(Information provided begins)

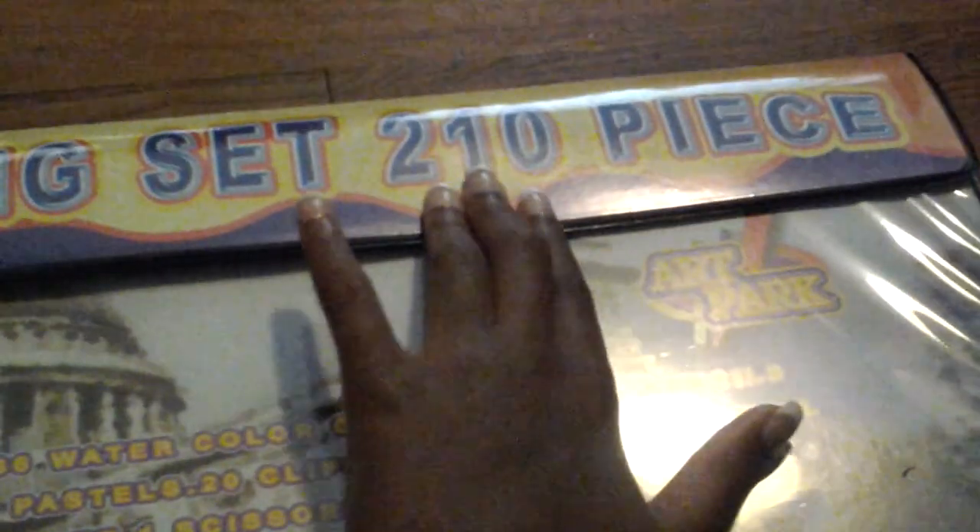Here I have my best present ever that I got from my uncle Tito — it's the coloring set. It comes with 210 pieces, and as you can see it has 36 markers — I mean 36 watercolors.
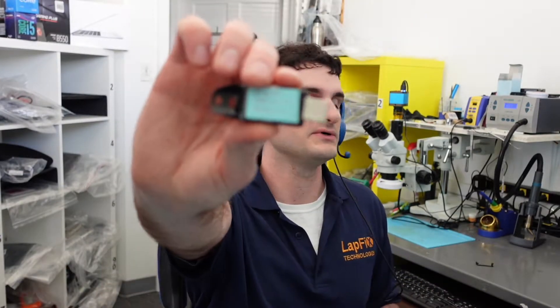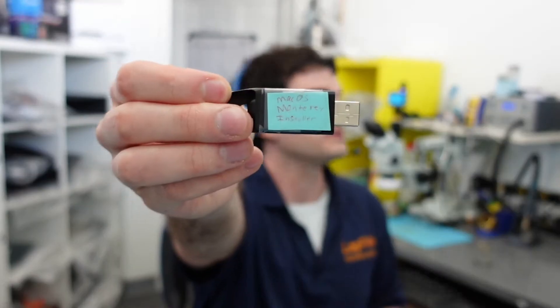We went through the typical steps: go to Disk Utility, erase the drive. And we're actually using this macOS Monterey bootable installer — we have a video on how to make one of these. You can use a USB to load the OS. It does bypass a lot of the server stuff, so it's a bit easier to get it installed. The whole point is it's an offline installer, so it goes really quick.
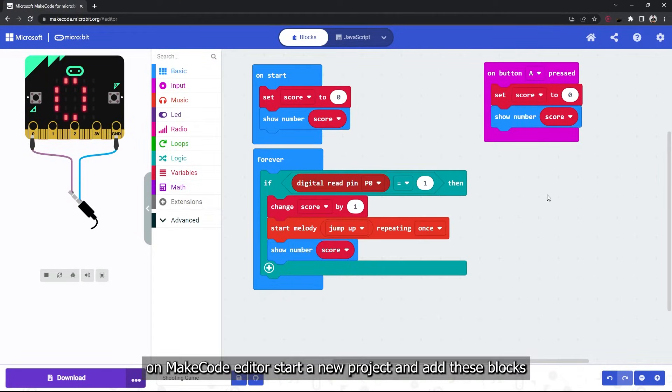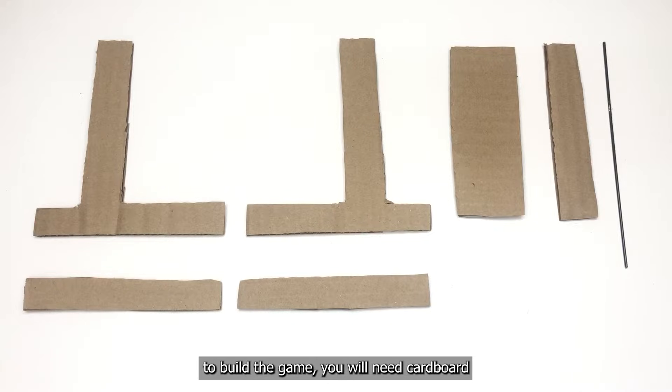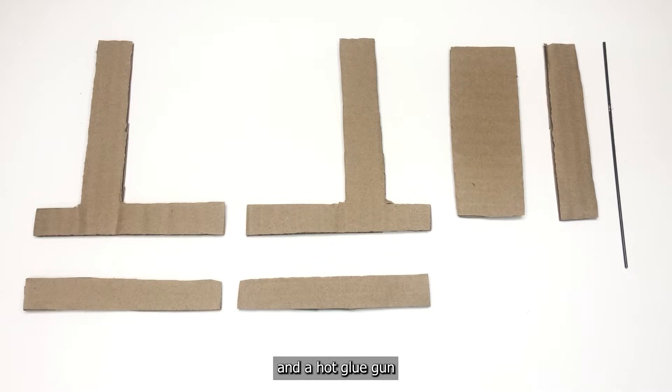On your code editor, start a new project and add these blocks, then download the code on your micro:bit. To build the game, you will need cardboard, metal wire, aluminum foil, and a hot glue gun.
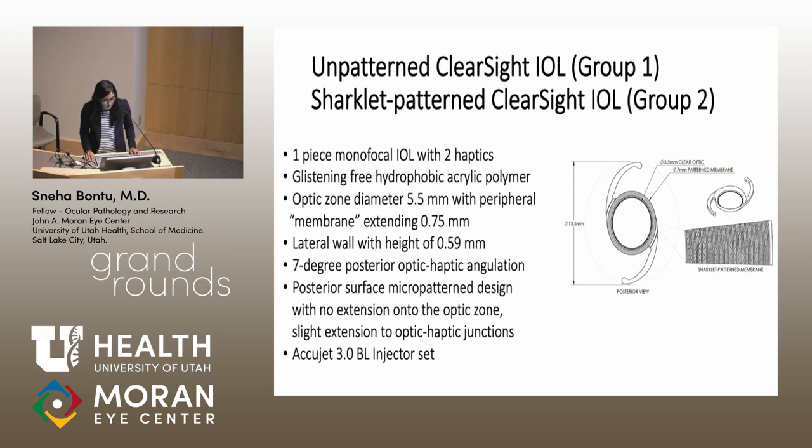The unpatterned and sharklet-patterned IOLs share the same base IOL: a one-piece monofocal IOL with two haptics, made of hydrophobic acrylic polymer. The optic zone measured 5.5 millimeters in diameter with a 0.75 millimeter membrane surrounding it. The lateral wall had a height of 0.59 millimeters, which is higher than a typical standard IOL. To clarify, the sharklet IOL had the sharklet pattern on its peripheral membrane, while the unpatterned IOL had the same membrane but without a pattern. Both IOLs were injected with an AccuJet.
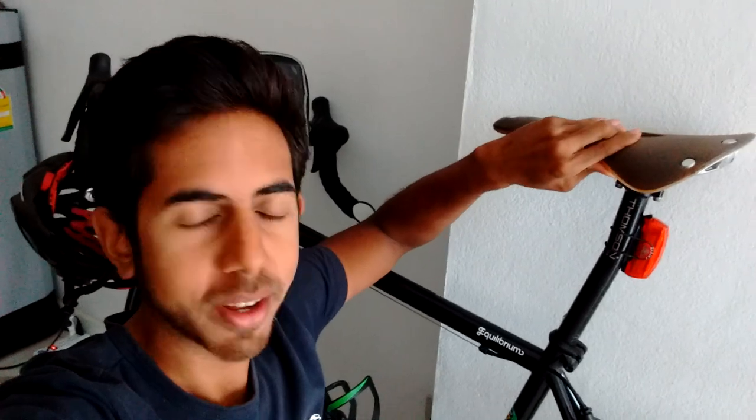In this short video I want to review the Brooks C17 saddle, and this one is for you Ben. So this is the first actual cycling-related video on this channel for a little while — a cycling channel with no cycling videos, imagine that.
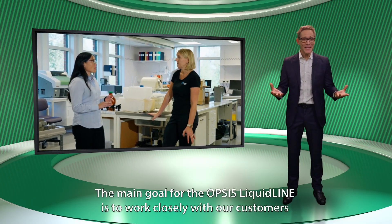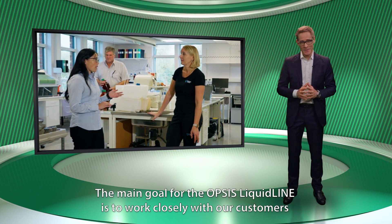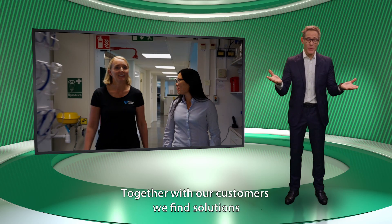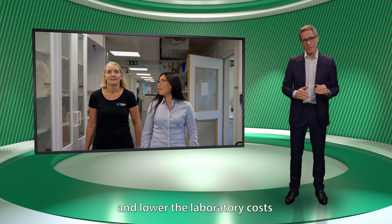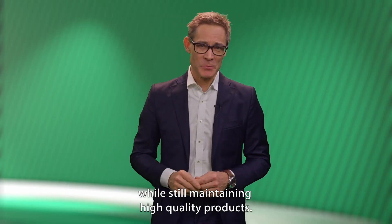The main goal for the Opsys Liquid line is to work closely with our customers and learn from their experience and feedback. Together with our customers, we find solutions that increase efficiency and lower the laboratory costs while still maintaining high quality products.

(Information provided ends)
(Information provided begins)

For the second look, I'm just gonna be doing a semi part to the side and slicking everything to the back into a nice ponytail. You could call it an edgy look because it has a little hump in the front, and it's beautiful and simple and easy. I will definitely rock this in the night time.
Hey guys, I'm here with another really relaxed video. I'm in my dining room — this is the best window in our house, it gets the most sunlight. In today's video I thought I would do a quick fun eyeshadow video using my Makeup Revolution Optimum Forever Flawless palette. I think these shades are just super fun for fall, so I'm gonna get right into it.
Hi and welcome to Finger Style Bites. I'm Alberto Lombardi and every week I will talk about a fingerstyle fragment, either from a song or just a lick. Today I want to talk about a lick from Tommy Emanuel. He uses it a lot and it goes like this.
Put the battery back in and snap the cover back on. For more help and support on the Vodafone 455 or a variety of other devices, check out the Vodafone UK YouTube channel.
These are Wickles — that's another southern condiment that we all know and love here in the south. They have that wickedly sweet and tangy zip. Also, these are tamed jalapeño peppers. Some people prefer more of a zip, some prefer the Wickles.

(Information provided ends)
(Information provided begins)

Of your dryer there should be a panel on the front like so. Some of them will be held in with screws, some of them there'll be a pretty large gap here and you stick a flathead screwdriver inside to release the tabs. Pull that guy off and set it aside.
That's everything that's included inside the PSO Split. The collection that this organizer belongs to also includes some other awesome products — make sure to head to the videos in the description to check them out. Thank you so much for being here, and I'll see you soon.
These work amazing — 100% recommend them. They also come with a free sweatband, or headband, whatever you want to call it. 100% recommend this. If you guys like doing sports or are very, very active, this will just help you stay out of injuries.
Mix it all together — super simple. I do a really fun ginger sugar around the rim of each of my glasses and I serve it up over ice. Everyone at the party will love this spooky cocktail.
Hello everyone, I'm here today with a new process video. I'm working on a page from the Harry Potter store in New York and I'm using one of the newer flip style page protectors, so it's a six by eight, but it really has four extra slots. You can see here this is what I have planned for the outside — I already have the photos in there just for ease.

(Information provided ends)

Task description: Take the material above from the line containing "Here I have" up to and including the line containing "On your code" and retype it exactly, without any pictures.

Result:
Here I have my best present ever that I got from my uncle Tito — it's the coloring set. It comes with 210 pieces, and as you can see it has 36 markers — I mean 36 watercolors.
We went through the typical steps: go to Disk Utility, erase the drive. And we're actually using this macOS Monterey bootable installer — we have a video on how to make one of these. You can use a USB to load the OS. It does bypass a lot of the server stuff, so it's a bit easier to get it installed. The whole point is it's an offline installer, so it goes really quick.
On your code editor, start a new project and add these blocks, then download the code on your micro:bit. To build the game, you will need cardboard, metal wire, aluminum foil, and a hot glue gun.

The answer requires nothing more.